## GOAL OF THE EXERCISE
What you should give back is a precise copy of the lines below from the one containing "Cachorro ra a" through the one containing "冠县我国的消防日是每年的11月9日对吗？", with no pictures.

=-=-=

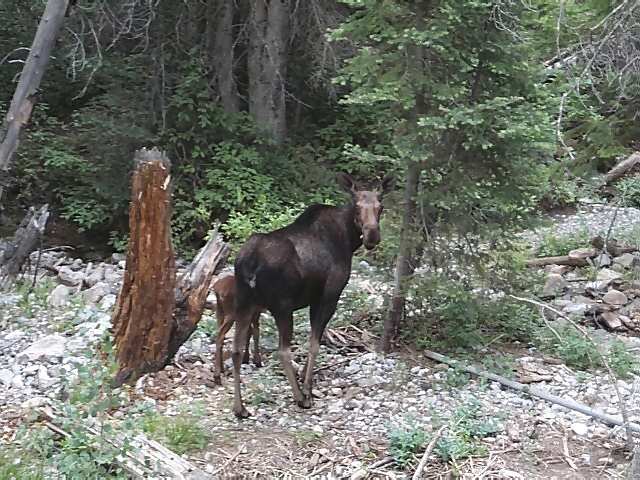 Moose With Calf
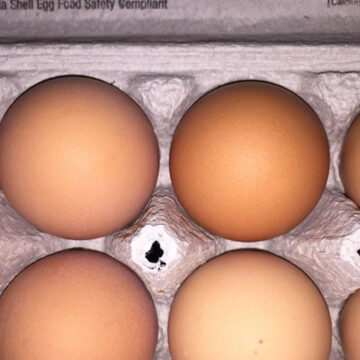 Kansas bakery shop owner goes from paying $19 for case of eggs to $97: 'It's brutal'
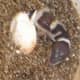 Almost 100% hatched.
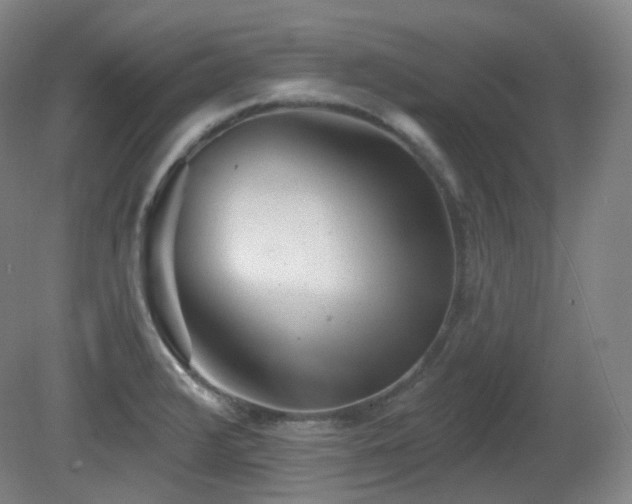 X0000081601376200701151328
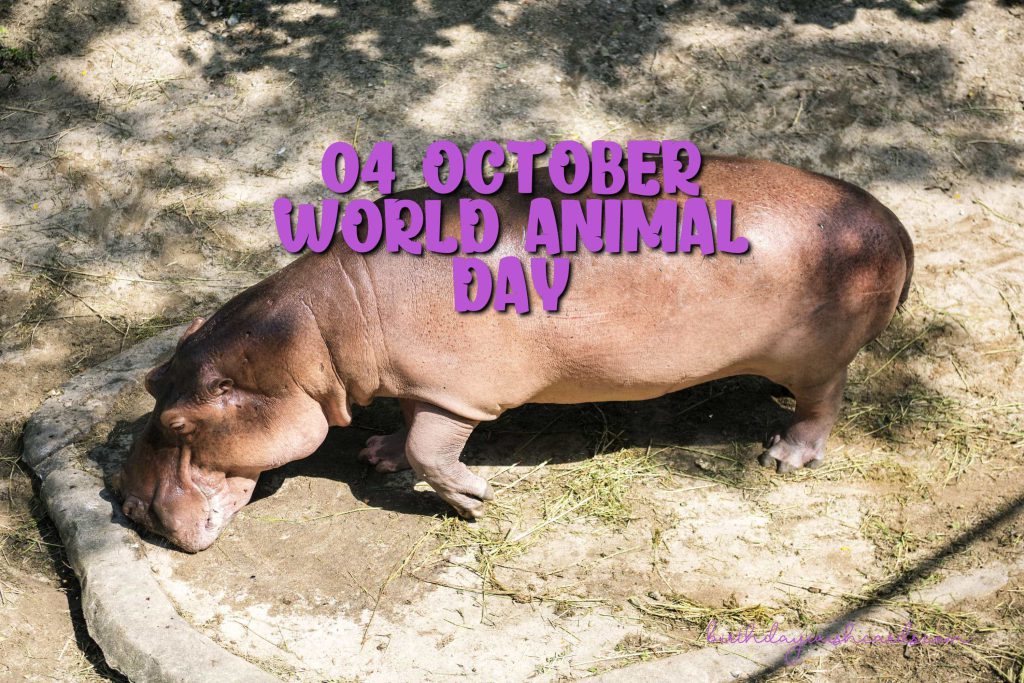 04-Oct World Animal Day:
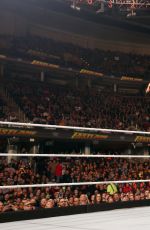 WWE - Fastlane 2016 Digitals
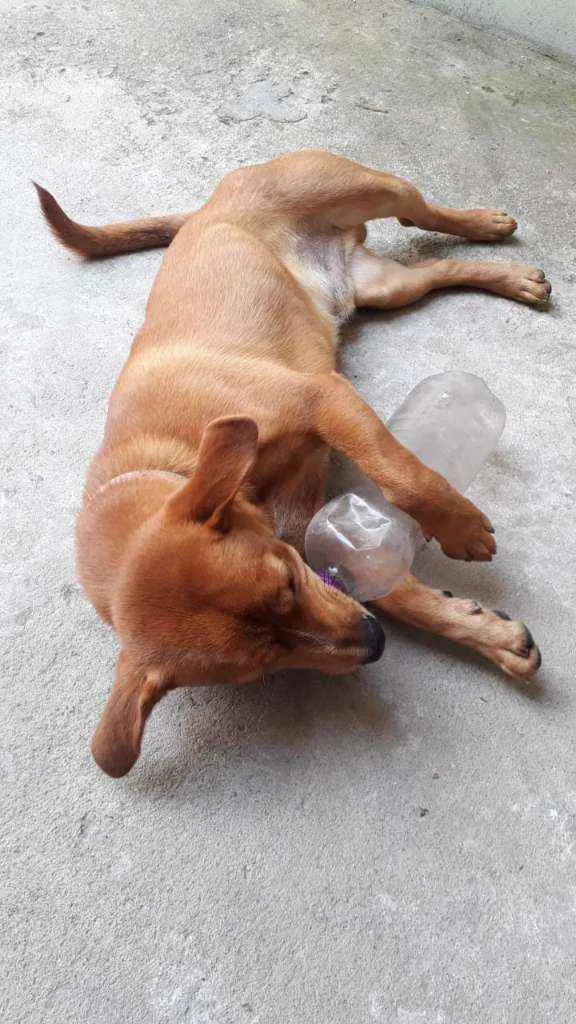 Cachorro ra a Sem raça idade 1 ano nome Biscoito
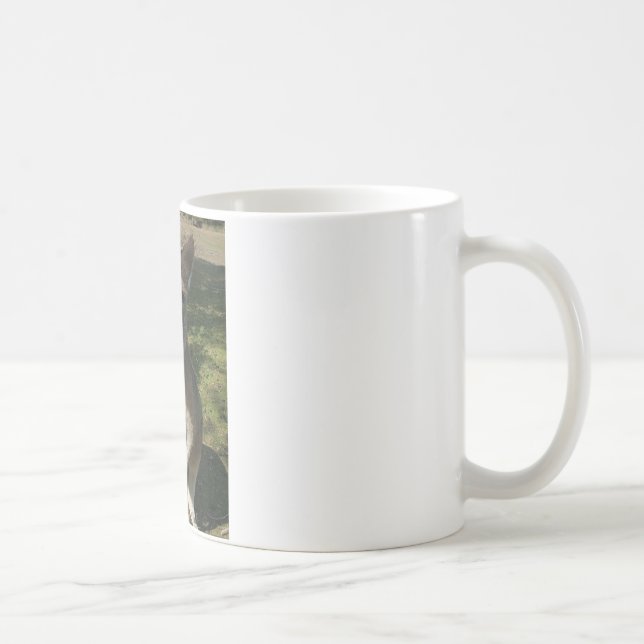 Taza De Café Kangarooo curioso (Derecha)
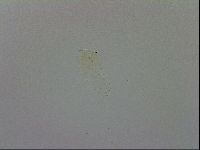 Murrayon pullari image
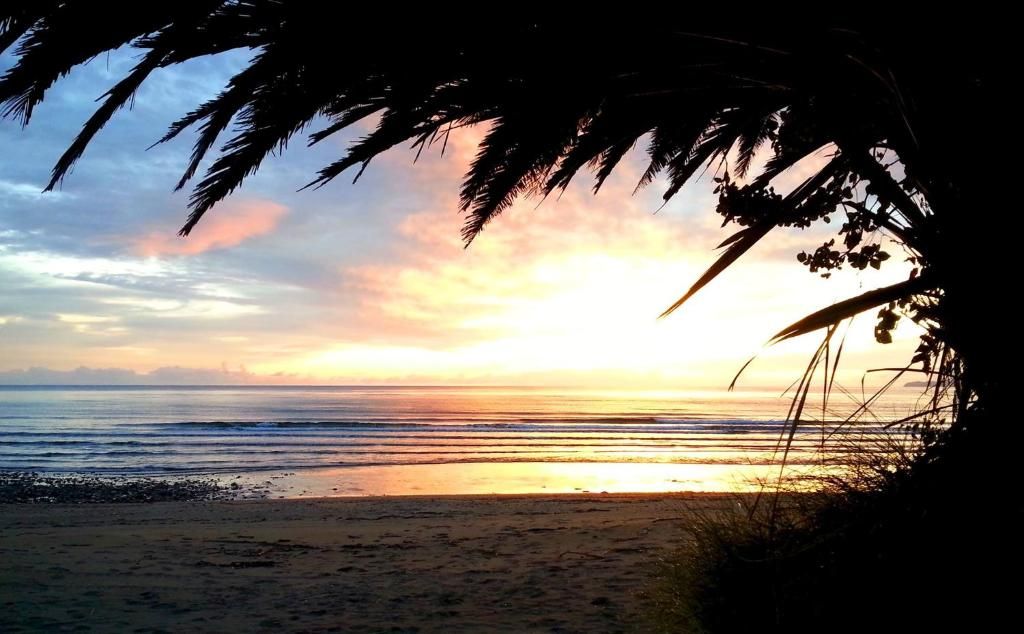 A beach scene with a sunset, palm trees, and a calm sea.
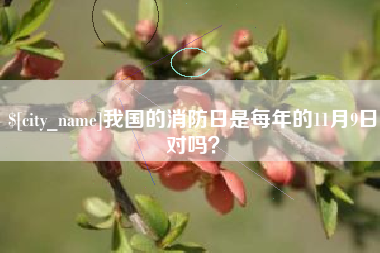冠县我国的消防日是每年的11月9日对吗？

=-=-=

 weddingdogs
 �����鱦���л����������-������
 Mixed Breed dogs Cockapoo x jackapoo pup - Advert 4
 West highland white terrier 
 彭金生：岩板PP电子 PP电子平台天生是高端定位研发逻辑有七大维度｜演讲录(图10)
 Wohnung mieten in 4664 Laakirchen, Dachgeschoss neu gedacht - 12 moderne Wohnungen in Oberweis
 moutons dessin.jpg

=-=-=

## ANSWER TO THIS PROBLEM
 Cachorro ra a Sem raça idade 1 ano nome Biscoito
 Taza De Café Kangarooo curioso (Derecha)
 Murrayon pullari image
 A beach scene with a sunset, palm trees, and a calm sea.
冠县我国的消防日是每年的11月9日对吗？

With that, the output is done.